Quel impact de la politique budgétaire sur la croissance française?

par Eric Heyer

La bonne grille d’analyse de l’économie française est celle d’une grande économie peu ouverte et non pas celle d’une petite économie ouverte : elle est dans une situation conjoncturelle encore fortement dégradée et loin de sa position d’équilibre (chômage de masse, existence de surcapacités de production), avec des pays européens qui adoptent la même orientation de politique budgétaire.  Dans ces conditions, tout laisse conclure que les multiplicateurs budgétaires sont élevés. Ainsi, le débat théorique sur la valeur du multiplicateur et le rôle des anticipations des agents doit s’effacer devant le constat empirique :  les multiplicateurs sont positifs et supérieurs à 1. 

A la suite d’une profonde récession, la méthode la plus adaptée à un exercice de prévision de l’activité à court terme (2 ans) consiste à évaluer le retour (vitesse et ampleur) spontané de l’économie vers son niveau d’équilibre ou potentiel mais aussi et surtout à quantifier l’impact de chocs exogènes (prix des matières premières, politique économique…) sur cette trajectoire spontanée.

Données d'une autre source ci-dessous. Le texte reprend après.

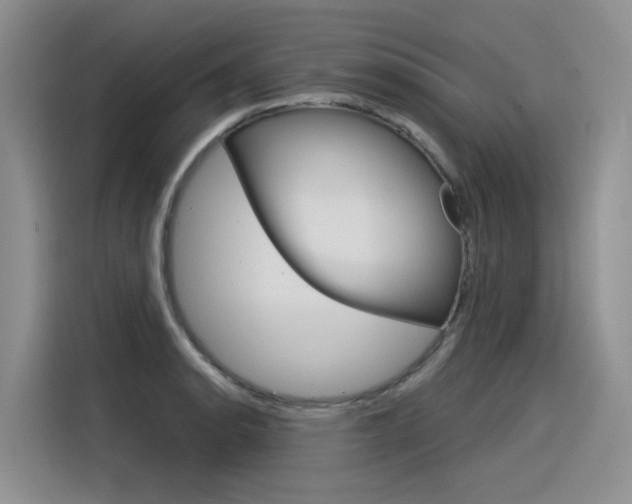 X0000116391134200912021000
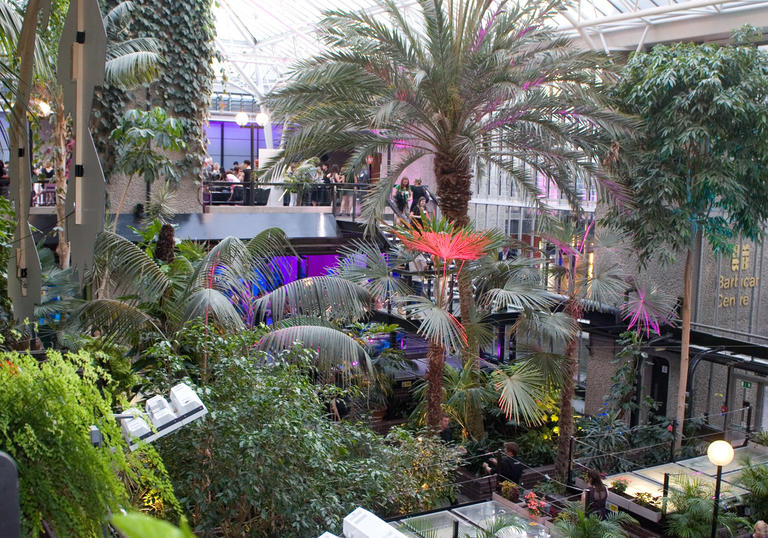 Photo of the Barbican Conservatory decorated during an event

Lors de notre dernière prévision, nous signalions que le potentiel de rebond de l’économie française est important : celui-ci correspondrait à une croissance spontanée de près de 4 % l’an au cours des années 2011 et 2012, permettant de rattraper, 4 ans après le début de la crise,  l’écart de production observé au cours de celle-ci.

Deux chocs exogènes freineront ce retour au potentiel. Le premier est lié à l’envolée des prix des matières premières : absorbé principalement par les ménages, ce choc pèsera sur leur pouvoir d’achat et limitera leurs dépenses. Ce mécanisme, également à l’œuvre dans les autres pays occidentaux, provoquera un ralentissement de leur économie et donc de leur demande adressée à la France. En cumulé, ce choc de pouvoir d’achat diminuera  d’1 point la croissance de l’économie française au cours de la période 2011-2012. Le second est lié à la politique budgétaire : à partir de 2011, les grands (et petits) pays développés, face à la montée de leur dette et au creusement de leur déficit public, vont mettre en place des politiques de restrictions budgétaires. La généralisation de cette stratégie portera un coup de frein à la croissance économique,  évaluée à  2,8 points de PIB au cours des années 2011-2012.

Si l’évaluation d’un choc de pouvoir d’achat est relativement consensuelle, il n’en va pas de même pour l’incidence de la politique budgétaire sur l’activité.

Quelle valeur du multiplicateur budgétaire ?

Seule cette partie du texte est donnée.